_Input for this task_
==========

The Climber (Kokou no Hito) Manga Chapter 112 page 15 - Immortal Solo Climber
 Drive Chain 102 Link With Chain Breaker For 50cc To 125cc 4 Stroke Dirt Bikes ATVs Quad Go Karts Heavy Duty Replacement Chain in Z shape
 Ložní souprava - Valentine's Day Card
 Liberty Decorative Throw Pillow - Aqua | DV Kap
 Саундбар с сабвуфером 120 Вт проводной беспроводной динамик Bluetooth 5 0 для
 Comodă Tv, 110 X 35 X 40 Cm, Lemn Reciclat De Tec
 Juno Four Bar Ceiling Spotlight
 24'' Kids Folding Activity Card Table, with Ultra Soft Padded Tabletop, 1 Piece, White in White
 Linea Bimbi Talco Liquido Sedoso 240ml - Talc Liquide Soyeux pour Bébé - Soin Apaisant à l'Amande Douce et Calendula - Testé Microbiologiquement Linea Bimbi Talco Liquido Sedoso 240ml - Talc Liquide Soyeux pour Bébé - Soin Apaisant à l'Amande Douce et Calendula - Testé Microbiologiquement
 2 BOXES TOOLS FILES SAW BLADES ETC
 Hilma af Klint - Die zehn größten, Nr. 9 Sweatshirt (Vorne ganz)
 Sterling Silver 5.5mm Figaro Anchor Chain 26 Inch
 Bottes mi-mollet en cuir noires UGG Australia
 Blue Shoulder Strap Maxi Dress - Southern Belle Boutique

==========

_Task prompt_
Where the listing above has a line with "Drive Chain 102", start there, and output every line exactly through the line with "Liberty Decorative Throw", which is also included.

_Response_
 Drive Chain 102 Link With Chain Breaker For 50cc To 125cc 4 Stroke Dirt Bikes ATVs Quad Go Karts Heavy Duty Replacement Chain in Z shape
 Ložní souprava - Valentine's Day Card
 Liberty Decorative Throw Pillow - Aqua | DV Kap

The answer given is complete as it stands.